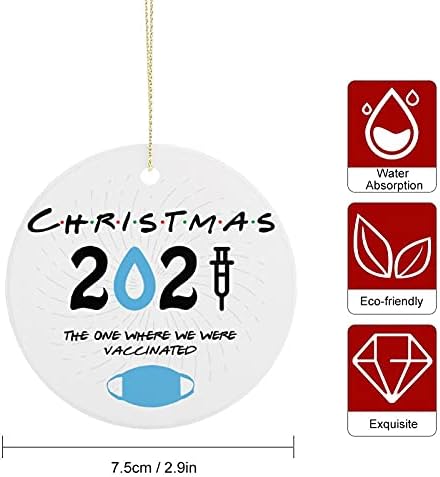 2021 Karácsonyi Dísz, Kerámia, Két Oldalra Nyomtatott Kerek Díszek Karácsonyra 2021 voltunk Beoltott Vicces Ajándék Ötletek, Ajándék, Karácsonyi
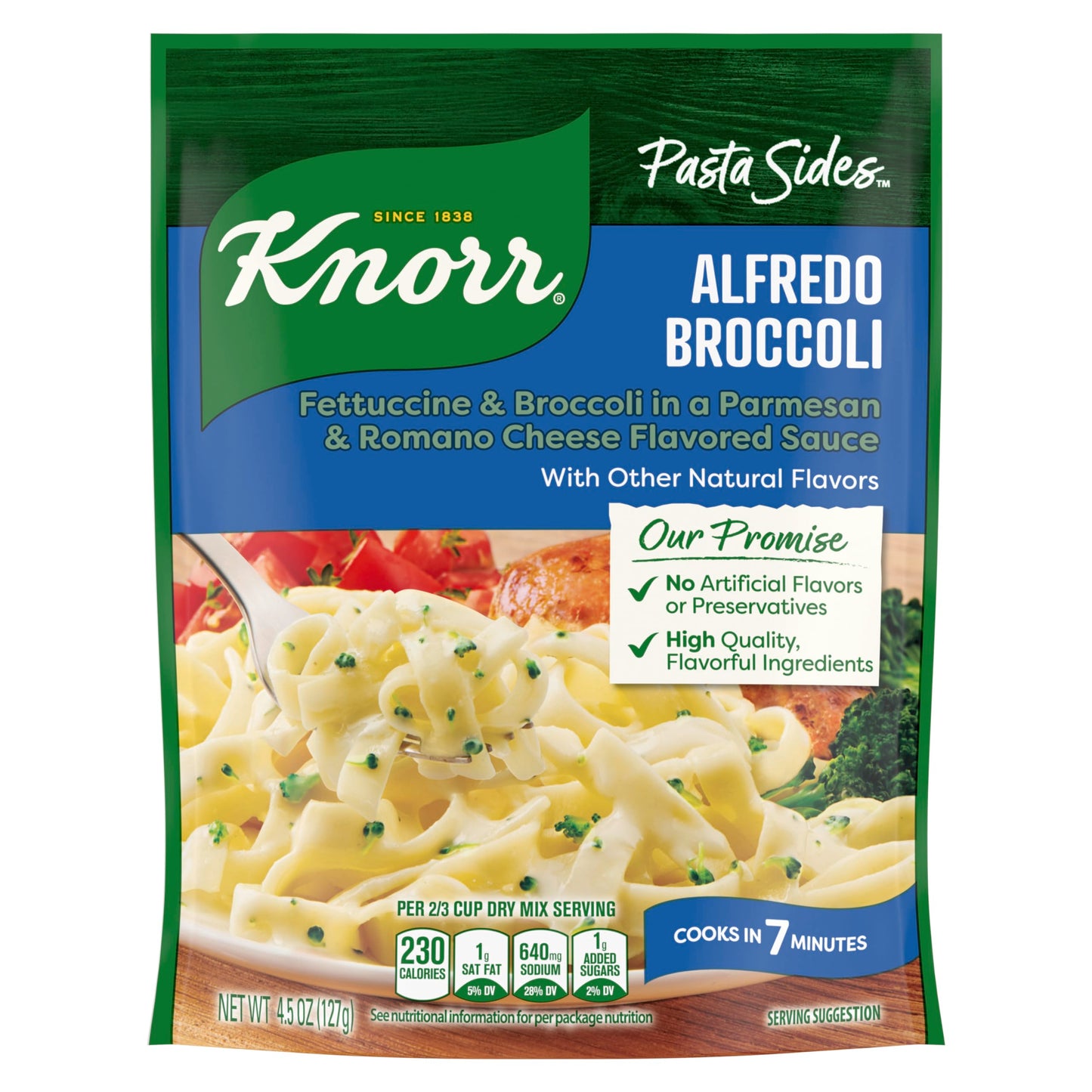 Knorr Pasta Sides Alfredo Broccoli Fettuccine For Delicious Quick Pasta Side Dishes 4.5 oz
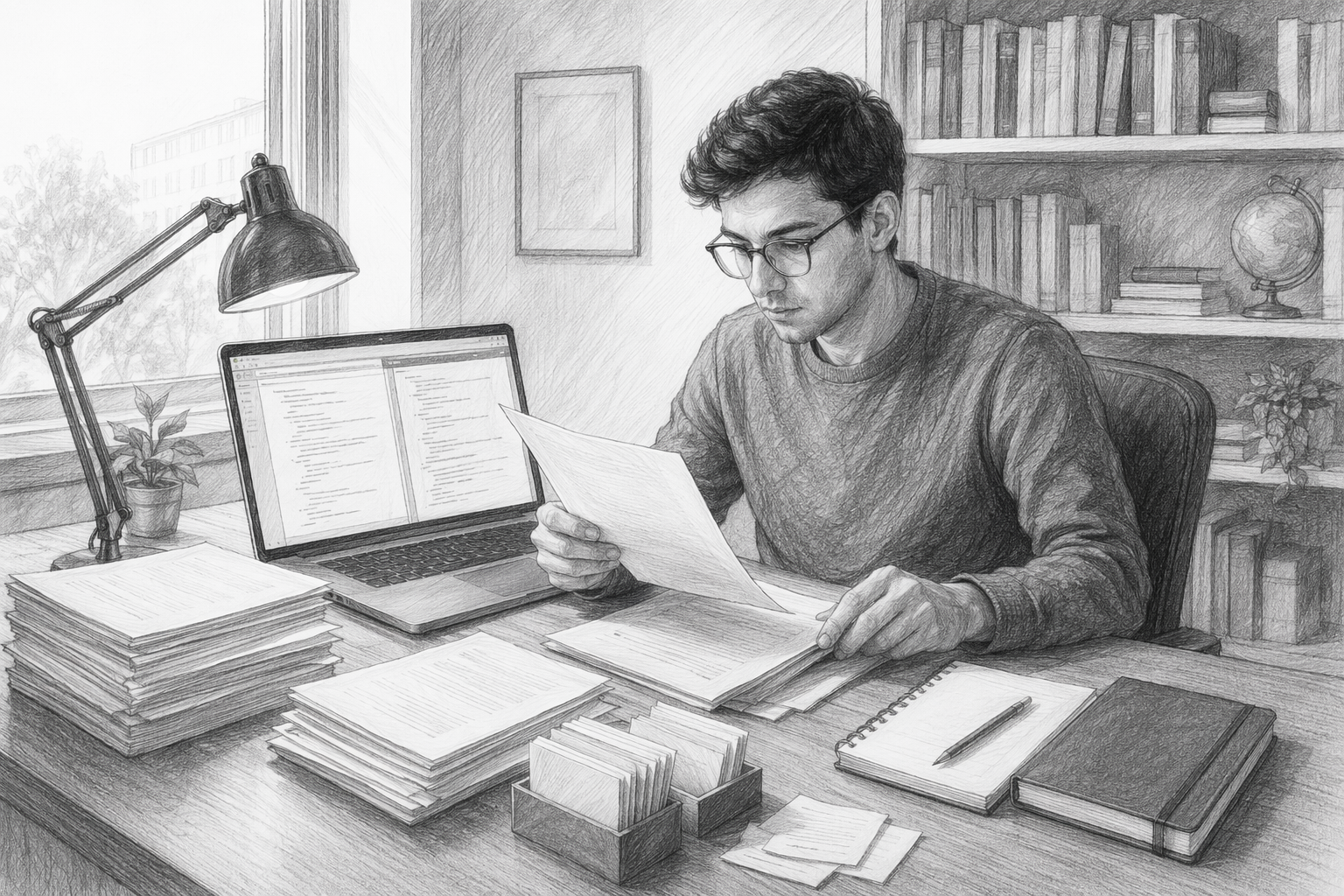 PhD student organizing printed papers and LaTeX editor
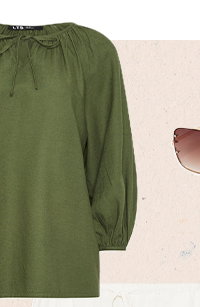 Khaki Green Long Sleeve Tie Front Linen Blouse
____________________
What is needed is a verbatim copy of the material, minus its pictures.

- RESPONSE AREA
 2021 Karácsonyi Dísz, Kerámia, Két Oldalra Nyomtatott Kerek Díszek Karácsonyra 2021 voltunk Beoltott Vicces Ajándék Ötletek, Ajándék, Karácsonyi
 Knorr Pasta Sides Alfredo Broccoli Fettuccine For Delicious Quick Pasta Side Dishes 4.5 oz
 PhD student organizing printed papers and LaTeX editor
 Khaki Green Long Sleeve Tie Front Linen Blouse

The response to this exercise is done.